You can see that even though we expected the year to be 2014, the year is actually 2015. What happened here is that the field assistant who collected the data for year 2014 initially forgot to include their data for ‘plot 3’ in this dataset. They came back in 2015 to add the missing data into the dataset and entered the dates for ‘plot 3’ without the year. Excel automatically interpreted the year as 2015 - the year the data was entered into the spreadsheet and not the year the data was collected. Thereby, the spreadsheet program introduced an error in the dataset without the field assistant realising.

Show me the solution

{alt=‘dates, exersize 1’ .output}

Exercise

Challenge: pulling hour, minute and second out of the current time

Current time and date are best retrieved using the functions NOW(), which returns the current date and time, and TODAY(), which returns the current date. The results will be formatted according to your computer’s settings.

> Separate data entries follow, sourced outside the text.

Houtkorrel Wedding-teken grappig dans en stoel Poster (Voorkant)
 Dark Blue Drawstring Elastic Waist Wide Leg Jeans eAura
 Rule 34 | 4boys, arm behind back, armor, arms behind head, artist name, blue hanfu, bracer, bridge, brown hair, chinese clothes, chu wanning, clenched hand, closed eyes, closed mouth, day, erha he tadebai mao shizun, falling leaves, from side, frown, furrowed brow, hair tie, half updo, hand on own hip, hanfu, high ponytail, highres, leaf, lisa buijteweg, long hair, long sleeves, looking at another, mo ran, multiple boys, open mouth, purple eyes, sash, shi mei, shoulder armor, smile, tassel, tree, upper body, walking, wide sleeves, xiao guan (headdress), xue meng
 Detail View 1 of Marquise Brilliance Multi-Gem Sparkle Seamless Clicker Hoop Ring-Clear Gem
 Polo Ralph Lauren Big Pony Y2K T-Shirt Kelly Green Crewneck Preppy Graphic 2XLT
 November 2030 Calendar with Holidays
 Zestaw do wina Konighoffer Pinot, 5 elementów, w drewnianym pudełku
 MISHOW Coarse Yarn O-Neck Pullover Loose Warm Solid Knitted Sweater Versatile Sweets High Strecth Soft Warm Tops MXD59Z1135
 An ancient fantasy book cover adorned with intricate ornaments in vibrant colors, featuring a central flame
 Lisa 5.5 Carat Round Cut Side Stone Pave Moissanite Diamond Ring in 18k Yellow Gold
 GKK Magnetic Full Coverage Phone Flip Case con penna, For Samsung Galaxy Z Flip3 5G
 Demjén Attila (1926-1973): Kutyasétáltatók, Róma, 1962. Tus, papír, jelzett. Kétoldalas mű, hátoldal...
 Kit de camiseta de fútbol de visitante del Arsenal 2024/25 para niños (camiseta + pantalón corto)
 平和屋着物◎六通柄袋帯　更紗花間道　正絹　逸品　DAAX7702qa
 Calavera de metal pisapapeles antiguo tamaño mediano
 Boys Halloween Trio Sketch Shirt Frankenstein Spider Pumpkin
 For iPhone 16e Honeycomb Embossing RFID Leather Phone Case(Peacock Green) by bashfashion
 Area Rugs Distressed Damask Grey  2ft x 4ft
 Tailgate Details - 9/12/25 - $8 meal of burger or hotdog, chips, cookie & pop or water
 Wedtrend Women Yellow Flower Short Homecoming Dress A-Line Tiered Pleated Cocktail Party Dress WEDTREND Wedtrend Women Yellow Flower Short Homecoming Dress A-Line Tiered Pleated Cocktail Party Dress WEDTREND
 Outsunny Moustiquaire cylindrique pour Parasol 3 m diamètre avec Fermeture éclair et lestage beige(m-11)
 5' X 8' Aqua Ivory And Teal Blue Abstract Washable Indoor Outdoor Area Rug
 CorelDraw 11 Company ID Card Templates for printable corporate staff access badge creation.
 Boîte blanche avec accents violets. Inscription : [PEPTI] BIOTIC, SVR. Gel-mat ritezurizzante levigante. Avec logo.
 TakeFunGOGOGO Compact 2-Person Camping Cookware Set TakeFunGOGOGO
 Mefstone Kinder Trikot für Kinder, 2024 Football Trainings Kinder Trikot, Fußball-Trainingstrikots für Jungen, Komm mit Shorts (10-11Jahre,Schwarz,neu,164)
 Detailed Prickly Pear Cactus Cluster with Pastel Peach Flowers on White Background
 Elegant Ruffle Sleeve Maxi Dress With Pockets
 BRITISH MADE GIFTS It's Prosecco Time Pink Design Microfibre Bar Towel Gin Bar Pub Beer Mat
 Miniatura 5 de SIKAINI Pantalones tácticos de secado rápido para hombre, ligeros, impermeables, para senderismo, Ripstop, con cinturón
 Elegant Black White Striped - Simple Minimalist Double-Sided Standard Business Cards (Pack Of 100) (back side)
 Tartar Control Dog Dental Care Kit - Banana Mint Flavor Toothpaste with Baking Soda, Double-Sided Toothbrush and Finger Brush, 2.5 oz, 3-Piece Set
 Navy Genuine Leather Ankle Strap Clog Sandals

Extract the year, month and day from the current date and time string returned by the NOW() function.
Calculate the current time using NOW()-TODAY().
Extract the hour, minute and second from the current time using functions HOUR(), MINUTE() and SECOND().
Press F9 to force the spreadsheet to recalculate the NOW() function, and check that it has been updated.

Show me the solution

To get the year, type =YEAR(NOW()) into any cell in your spreadsheet. To get the month, type =MONTH(NOW()). To get the day, type =DAY(NOW()).
Typing =NOW()-TODAY() will result in a decimal value that is not easily human parsable to a clock-based time. You will need to use the strategies in the third part of this challenge to convert this decimal value to readable time.
To extract the hour, type =HOUR(NOW()-TODAY()) and similarly for minute and second.

Preferred date format

It is much safer to store dates with YEAR, MONTH, DAY in separate columns or as YEAR and DAY-OF-YEAR in separate columns.

Note: Excel is unable to parse dates from before 1899-12-31, and will thus leave these untouched. If you’re mixing historic data from before and after this date, Excel will translate only the post-1900 dates into its internal format, thus resulting in mixed data. If you’re working with historic data, be extremely careful with your dates!

Excel also entertains a second date system, the 1904 date system, as the default in Excel for Macintosh. This system will assign a different serial number than the 1900 date system. Because of this, dates must be checked for accuracy when exporting data from Excel (look for dates that are ~4 years off).

Date formats in spreadsheets

Spreadsheet programs have numerous “useful features” which allow them to handle dates in a variety of ways.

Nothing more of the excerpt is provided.